Jewish Embrace of Refugees Is Dangerous

The letter from David L. Levine was excellent (“Efforts to Help Muslims Often Backfire,” March 16).

He wrote about the danger and foolishness of Jews helping Muslims to enter America as supposed refugees. In 1492, the Jews of Spain were so allied with Islam that when the Muslims were expelled, the Jews were also expelled from Spain. Similarly, today’s left-wing Jews of France, the United Kingdom and the rest of Western Europe have foolishly assisted Muslims into entering their nations — only to be kicked in the teeth. Just look at the murders and terrorism suffered by Jews from so-called Muslim refugees.

This January, and again in February, American women marched in opposition to President Trump.

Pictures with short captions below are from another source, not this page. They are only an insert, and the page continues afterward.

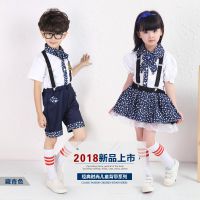 幼儿园园服夏装短袖新款儿童校服园服 小学生表演服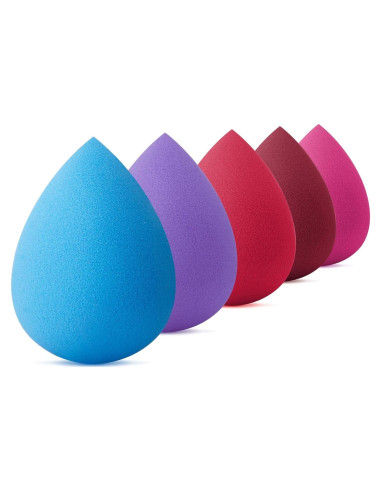 5 Esponjas de Maquillaje YUESHENNAN para Base Líquida y Polvo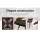 Artiss Set of 4 Bar Stools 76cm Swivel PU Leather Chairs with Solid Wood Legs, Chrome Footrest, Black, Padded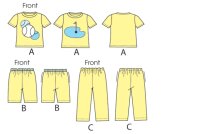 Jungen Hose Shorts, KwikSew K3999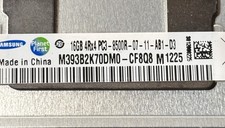 Samsung 16GB DDR3 RDIMM ECC Registered PC3-8500R 240-Pin M393B2K70DM0 picture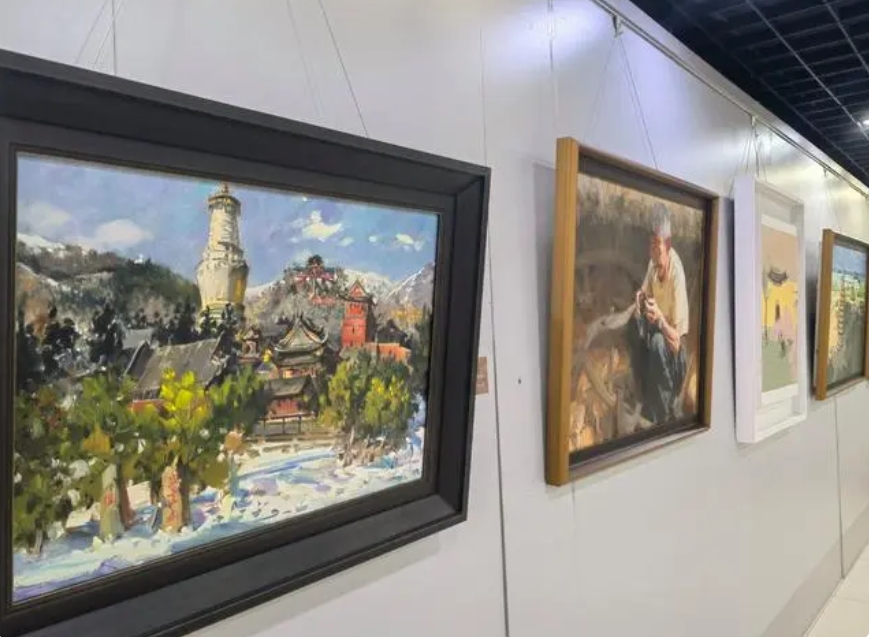“一节艺展”走进大兴 展出“小而美”的油画佳作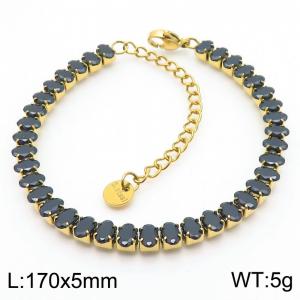 Stainless steel zircon bracelet - KB184599-Z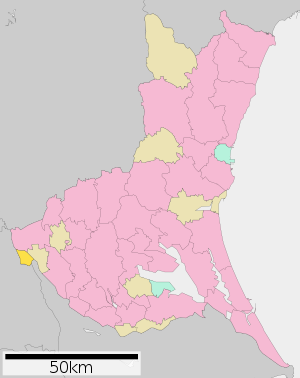 Goka in Ibaraki Prefecture Ja.svg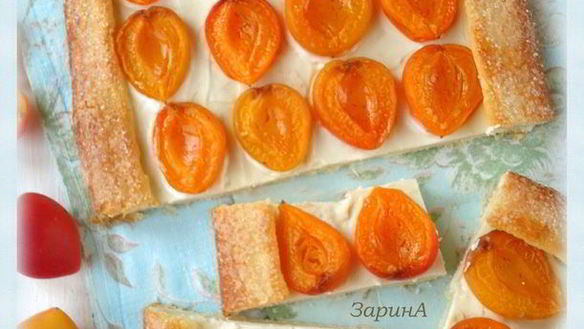 Рецепт Пирог с абрикосами на творожном тесте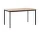 Jídelní stůl Drip HW115, black/lacquered oak
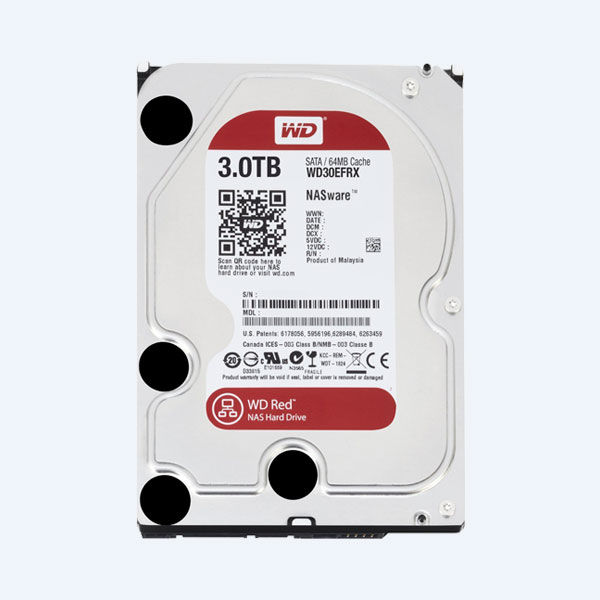Disco Duro Interno Western Digital RED, 3TB, 3.5'', Sata 6, Para NAS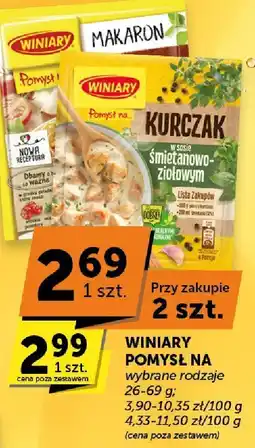 Groszek Winiary pomysł na oferta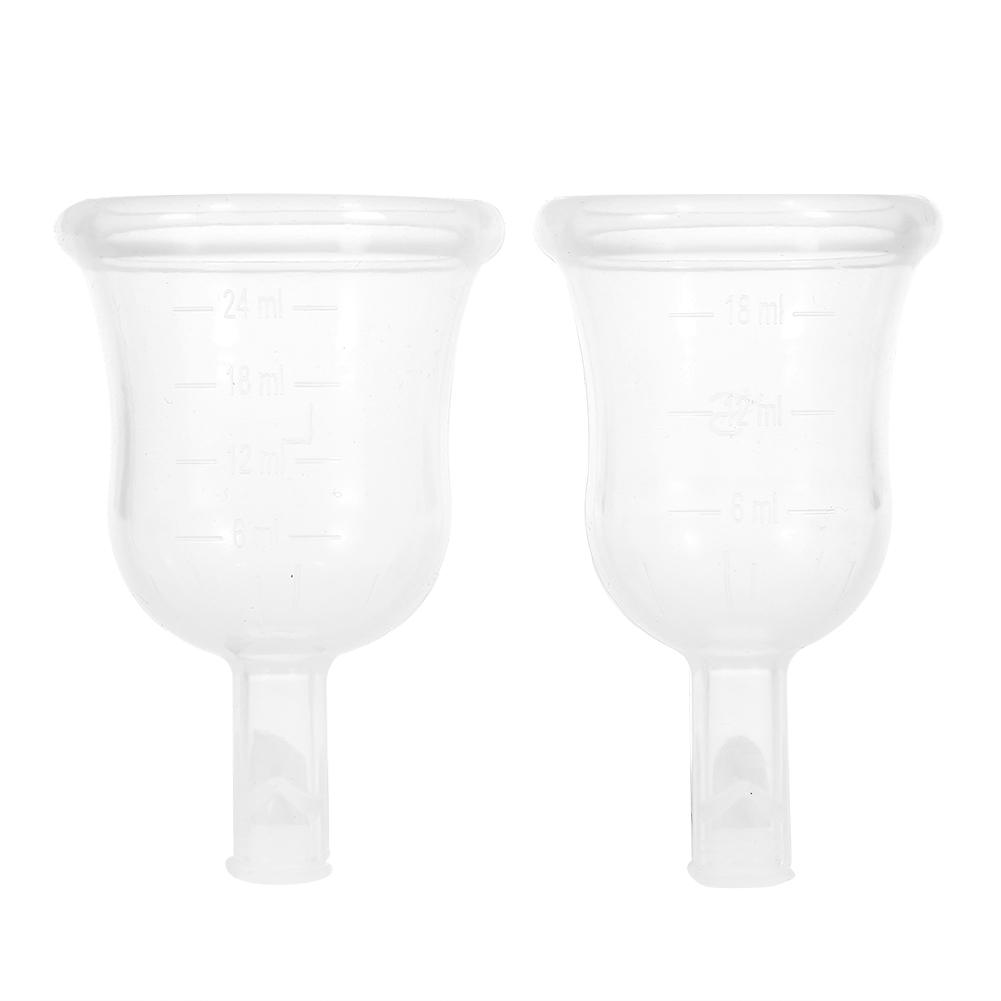 2 Sizes Innovative Reusable Menstrual Cup Food grade Silicone Feminine Period Hygiene Cup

What the marchers, especially Jewish women, failed to realize is that these marches were led by Muslim enemies of Jews, especially the vicious Linda Sarsour, a Palestinian proponent of the boycott, divestment and sanctions (BDS) movement against Israel.

Why do so many foolish Jews align themselves with our enemies? Sadly, I can only guess that the blind leftism of many Jews is more compelling than G-d, the Torah and Israel. A sad situation!

Howard Hyman | Jamison

Trump Breeds Hate and Division

I read with great disappointment Joshua Runyan’s column “Plenty of Blame to Go Around” (March 9). Some of his statements in this article are so preposterous that it undermines the legitimacy of all his other work.

Since coming down the escalator in Trump Tower in June 2015 to announce his candidacy for president, Donald Trump has built a campaign of hate and divisiveness. Unfortunately, he has continued this route as president as well. Whether it be building a wall to keep Mexicans from crossing our southern border, signing executive orders illegally designed to keep Muslims from entering this country, reversing protections for transgender students from using the bathrooms they identify with, Trump has promoted hate, made fringe groups more vulnerable and been decidedly anti-American.

President George W. Bush at least had “compassionate conservatism.” His father sought a “kinder, gentler nation.” And the venerable Ronald Reagan saw Washington as the “shining city on a hill.” Trump will forever be known for hate and division.

Runyan’s argument that it is “merely correlative” that there has been a rise in anti-Semitism since Trump’s inauguration is flat out wrong and blind to the realities that Trump has inspired people to threaten minorities. His statement that it is “like blaming President Obama for fueling the high-profile killings of unarmed black man” is blatantly wrong. President Obama never fueled hateful actions through his speech, but at all times encouraged peace and understanding between those who are different.

Finally, Runyan’s comment that “Trump’s brand of populism is just as dangerous as that practiced by the Bernie Sanders wing of the Democratic Party” is also simply not correct. Sanders sought to end privileges for the 1 percent and to provide for those who need it the most.

Making excuses for President Trump’s actions, or somehow minimizing the severity of them, must be rejected because it only further enables actions that threaten those in our society who need the freedoms and protections afforded by the Constitution the most.